--- YOUR GOAL ---
Transcribe the data below exactly, but only from the line containing "Ak Port Said Ägypten, Ferdinand von Lesseps" through its final line, both included.

Data items
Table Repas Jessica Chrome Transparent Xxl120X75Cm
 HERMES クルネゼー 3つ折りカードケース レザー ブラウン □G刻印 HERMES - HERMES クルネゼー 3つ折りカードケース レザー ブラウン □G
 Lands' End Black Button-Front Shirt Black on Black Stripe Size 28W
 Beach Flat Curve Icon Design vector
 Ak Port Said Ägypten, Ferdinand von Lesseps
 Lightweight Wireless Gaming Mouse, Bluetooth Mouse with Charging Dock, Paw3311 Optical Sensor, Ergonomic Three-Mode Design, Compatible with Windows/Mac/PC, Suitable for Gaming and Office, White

--- WRITTEN REPLY ---
 Ak Port Said Ägypten, Ferdinand von Lesseps
 Lightweight Wireless Gaming Mouse, Bluetooth Mouse with Charging Dock, Paw3311 Optical Sensor, Ergonomic Three-Mode Design, Compatible with Windows/Mac/PC, Suitable for Gaming and Office, White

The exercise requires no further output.